(Exercise prompt): Every entry below should be reproduced exactly; no picture is to be included.

(Input material):
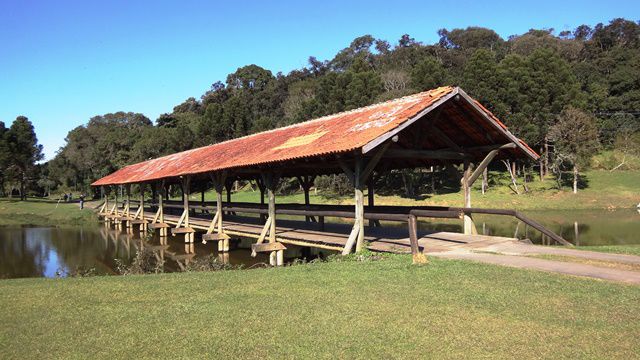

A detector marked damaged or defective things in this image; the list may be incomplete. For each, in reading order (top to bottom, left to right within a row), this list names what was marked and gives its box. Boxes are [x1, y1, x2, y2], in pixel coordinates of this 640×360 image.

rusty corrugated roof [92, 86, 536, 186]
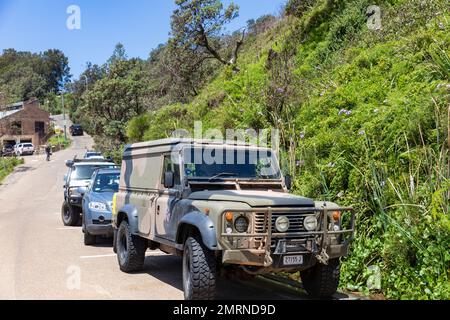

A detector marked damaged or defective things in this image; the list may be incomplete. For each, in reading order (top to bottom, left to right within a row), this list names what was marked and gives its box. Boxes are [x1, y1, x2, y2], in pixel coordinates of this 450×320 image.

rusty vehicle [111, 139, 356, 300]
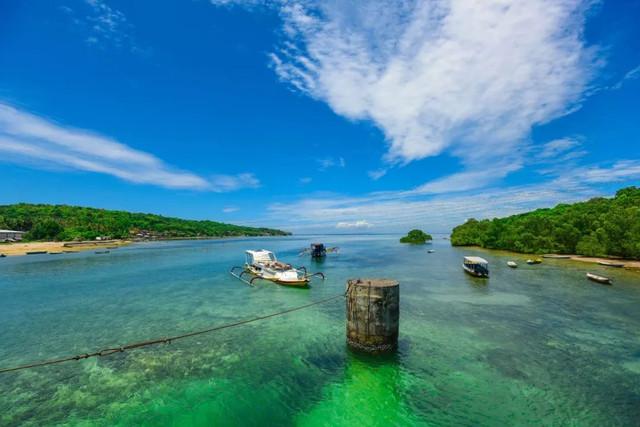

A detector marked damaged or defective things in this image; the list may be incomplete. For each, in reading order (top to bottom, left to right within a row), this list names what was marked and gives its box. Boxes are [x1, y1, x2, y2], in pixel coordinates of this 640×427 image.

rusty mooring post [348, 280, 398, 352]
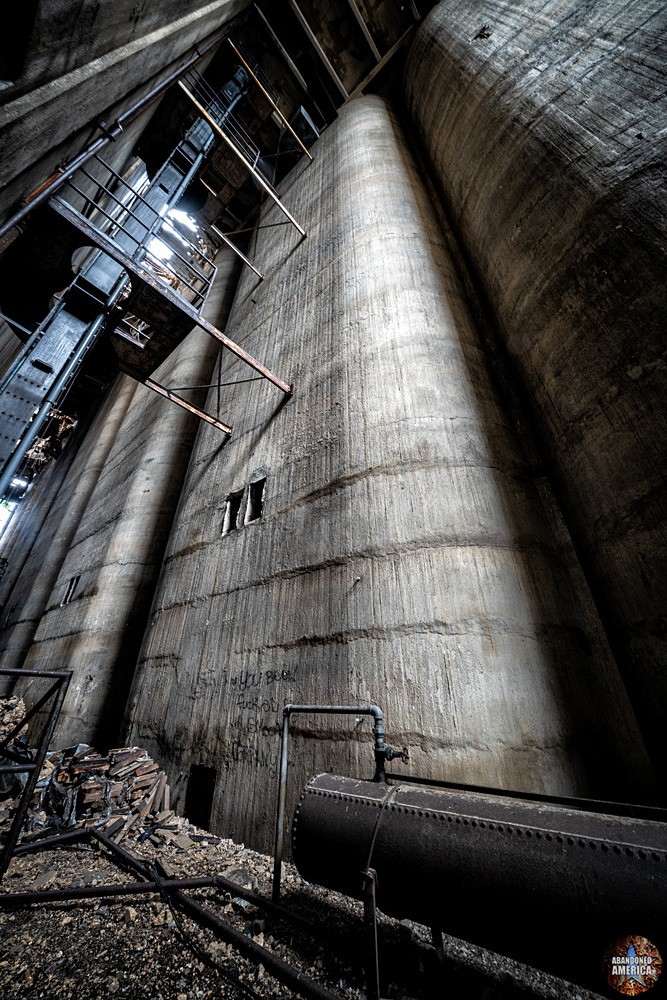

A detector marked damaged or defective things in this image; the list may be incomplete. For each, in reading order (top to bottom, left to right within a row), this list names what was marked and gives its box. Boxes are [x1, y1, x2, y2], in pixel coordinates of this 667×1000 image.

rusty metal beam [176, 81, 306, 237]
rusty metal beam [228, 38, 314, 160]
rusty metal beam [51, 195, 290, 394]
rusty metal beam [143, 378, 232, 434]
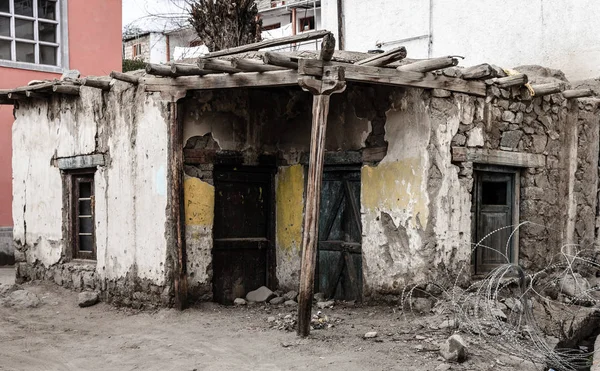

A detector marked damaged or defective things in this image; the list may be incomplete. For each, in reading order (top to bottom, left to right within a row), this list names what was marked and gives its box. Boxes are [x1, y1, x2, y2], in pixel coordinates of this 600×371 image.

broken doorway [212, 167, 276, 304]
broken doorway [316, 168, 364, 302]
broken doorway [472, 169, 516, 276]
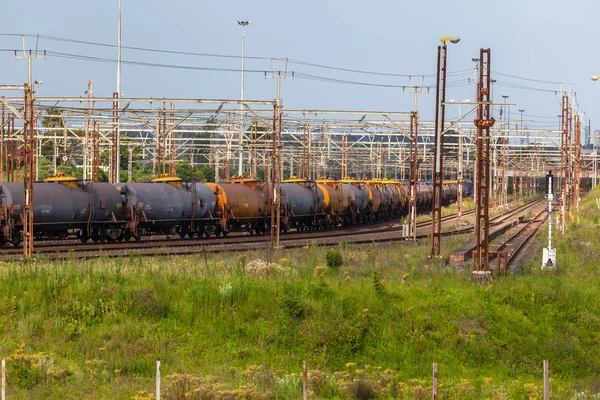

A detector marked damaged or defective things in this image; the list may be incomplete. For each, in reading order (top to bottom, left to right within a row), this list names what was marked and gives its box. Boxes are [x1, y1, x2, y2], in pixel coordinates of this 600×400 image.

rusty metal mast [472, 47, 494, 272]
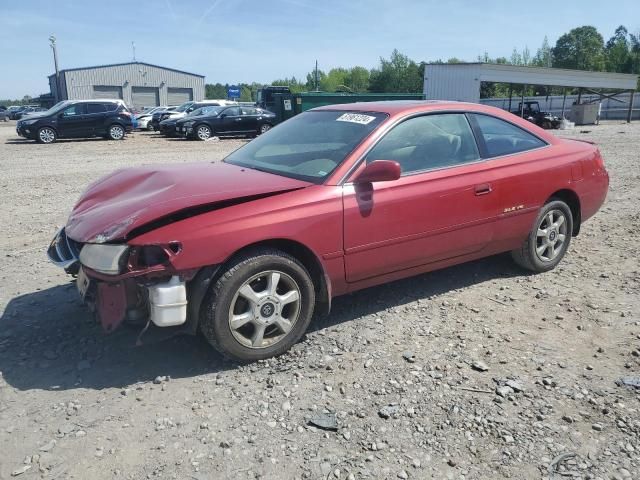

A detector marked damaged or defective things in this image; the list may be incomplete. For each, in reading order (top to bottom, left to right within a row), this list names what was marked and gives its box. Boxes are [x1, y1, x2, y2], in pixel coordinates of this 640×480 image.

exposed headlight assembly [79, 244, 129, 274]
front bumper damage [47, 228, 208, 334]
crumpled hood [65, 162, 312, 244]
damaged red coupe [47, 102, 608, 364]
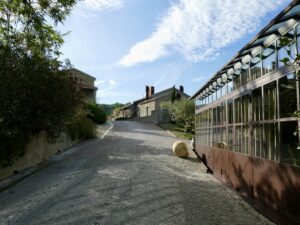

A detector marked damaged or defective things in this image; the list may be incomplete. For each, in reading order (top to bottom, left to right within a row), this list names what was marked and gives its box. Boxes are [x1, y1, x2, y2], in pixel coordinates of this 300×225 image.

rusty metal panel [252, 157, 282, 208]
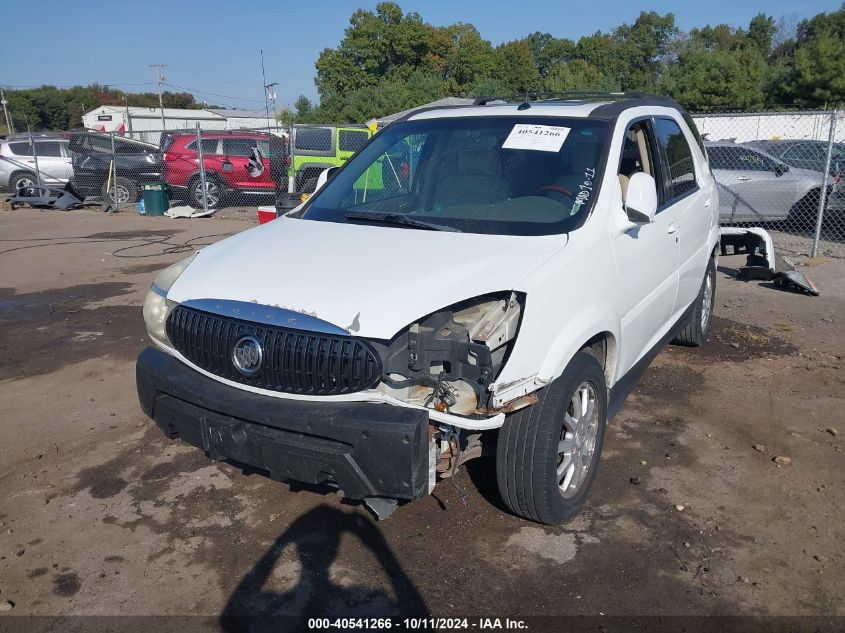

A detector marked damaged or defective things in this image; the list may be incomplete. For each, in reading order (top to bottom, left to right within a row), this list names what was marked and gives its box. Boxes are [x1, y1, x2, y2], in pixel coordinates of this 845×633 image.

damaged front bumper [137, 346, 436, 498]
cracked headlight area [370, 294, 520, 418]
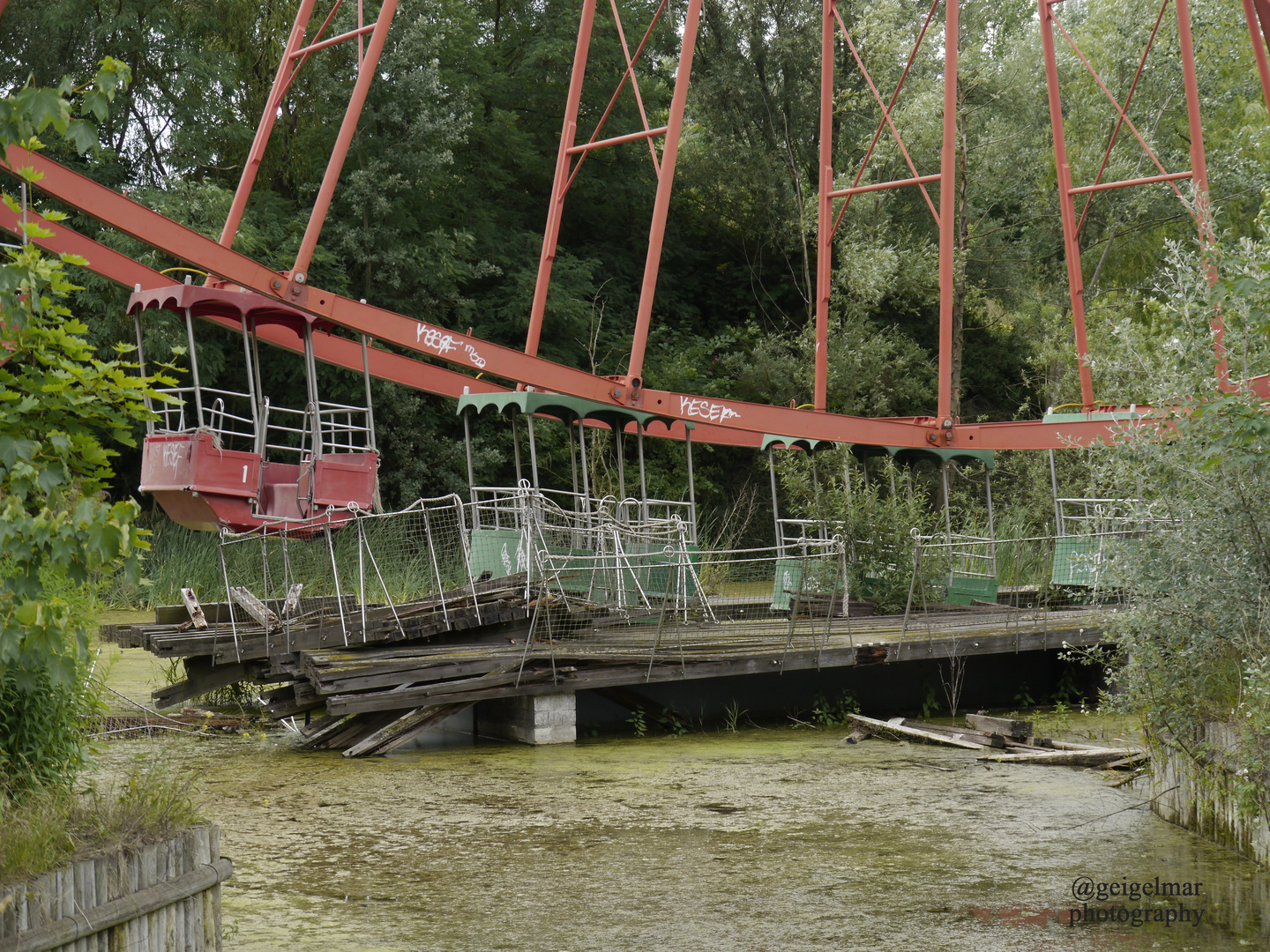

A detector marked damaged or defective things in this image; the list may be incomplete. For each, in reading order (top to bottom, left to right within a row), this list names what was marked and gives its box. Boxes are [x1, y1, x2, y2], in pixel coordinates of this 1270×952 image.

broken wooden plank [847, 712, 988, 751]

(Output for this task):
A detector marked damaged or defective things in this image; the list may be incomplete. For each, in reading order (top to bottom, left to right within a row), this list names what was marked and gives its box. Boxes are [x1, y1, x2, y2], in pixel coordinates of this 640×360 image.

rusty corrugated roof [92, 86, 536, 186]

A detector marked damaged or defective things in this image; the list may be incomplete. For each, in reading order (top to bottom, left to right within a row), this list names what was marked and gives its box. Boxes are [x1, y1, x2, y2], in pixel coordinates of this 450×320 image.

rusty vehicle [111, 139, 356, 300]

A detector marked damaged or defective things in this image; the list may be incomplete. For each, in reading order (top to bottom, left to right within a row), this list names what was marked and gives its box. Boxes are [x1, y1, x2, y2], in pixel coordinates of this 640×427 image.

rusty mooring post [348, 280, 398, 352]

A detector marked damaged or defective things in this image; the list may be incomplete. For each, in reading order (top to bottom, left to right within a row), this list names what was marked and gives its box. Boxes are [x1, y1, x2, y2], in pixel coordinates of this 667×1000 image.

rusty metal beam [176, 81, 306, 237]
rusty metal beam [228, 38, 314, 160]
rusty metal beam [51, 195, 290, 394]
rusty metal beam [143, 378, 232, 434]

A detector marked damaged or defective things in this image; the list may be incomplete. For each, in reading order (top to bottom, left to right within a row), this list names what was marked and gives its box. Boxes are [x1, y1, x2, y2], in pixel coordinates of this 600×371 image.

broken doorway [212, 167, 276, 304]
broken doorway [316, 168, 364, 302]
broken doorway [472, 169, 516, 276]

A detector marked damaged or defective things in this image; the list may be incomplete. For each, in reading order (top to bottom, left to right within a row), this list names what was marked and gives its box. Boxes are [x1, y1, x2, y2], in pixel coordinates of this 600×400 image.

rusty metal mast [472, 47, 494, 272]

A detector marked damaged or defective things in this image; the list may be incomplete. For each, in reading order (top to bottom, left to right within a row), this list names what was marked and gives its box. Boxes are [x1, y1, x2, y2], in pixel coordinates of this 640×480 image.

exposed headlight assembly [79, 244, 129, 274]
front bumper damage [47, 228, 208, 334]
crumpled hood [65, 162, 312, 244]
damaged red coupe [47, 102, 608, 364]

A detector marked damaged or defective things in this image; the list may be incomplete. For each, in reading order (top to bottom, left to right within a row), this list names what was marked and gives its box. Boxes are [x1, y1, x2, y2], in pixel coordinates of this 300×225 image.

rusty metal panel [252, 157, 282, 208]

A detector marked damaged or defective things in this image; the list may be incomplete. For each, in reading order (top to bottom, left to right within a row), this list names what was marked and gives its box. Boxes are [x1, y1, x2, y2], in pixel coordinates of this 845×633 image.

damaged front bumper [137, 346, 436, 498]
cracked headlight area [370, 294, 520, 418]

A detector marked damaged or defective things in this image; the list may be incomplete. For each, in reading order (top to bottom, left to right within a row), this list names what was marked and gives its box. Boxes are [x1, y1, x2, y2], in pixel coordinates of this 1270×952 image.

broken wooden plank [847, 712, 988, 751]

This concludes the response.